At the end of the Crown case there was no submission made for Peden that there was no case to answer. To the jury it was never suggested that there was no sufficient evidence and that matter is not raised in the Note of Appeal.

In my opinion I posed the correct test at page 31 of the Charge ... "

Conclusions

In our opinion, the trial judge misdirected the jury on the question of concert. The appellant could be convicted on this libel only if she actually knew that Welsh had the knife (cf. McKinnon v HM Adv, 2003 SLT 281). The directions of the trial judge were to the effect that even if the appellant did not know that Welsh had the knife, the jury could nonetheless convict her as libelled if they considered that she ought to have known that he did. That is not the law. We think that the trial judge perhaps had in mind the idea that the circumstantial evidence was such that the jury were entitled to infer that the appellant must have known that Welsh had a knife (cf. Charge, p. 40, supra). That would have been an inference of actual knowledge. But the directions that we have quoted implied that the jury could convict even if they found that the appellant did not have such knowledge.

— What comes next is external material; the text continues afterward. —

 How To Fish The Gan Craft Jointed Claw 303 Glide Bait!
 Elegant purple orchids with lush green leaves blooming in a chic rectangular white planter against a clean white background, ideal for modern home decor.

Since we cannot exclude the possibility that the jury may have convicted on the basis of what the appellant ought to have known, rather than what she actually knew, as to Welsh's possession of the knife, we consider that the misdirection in this case has resulted in a miscarriage of justice.

Decision

We have therefore allowed the appeal, quashed the conviction and sentence, and substituted a conviction of guilty under deletion of the words "repeatedly strike him on the head and body with a knife and" and the words "all to his severe injury, permanent disfigurement and permanent impairment". We have substituted a sentence of 11 months imprisonment, backdated to 18 February 2002, the effect of which will be the appellant will be released immediately.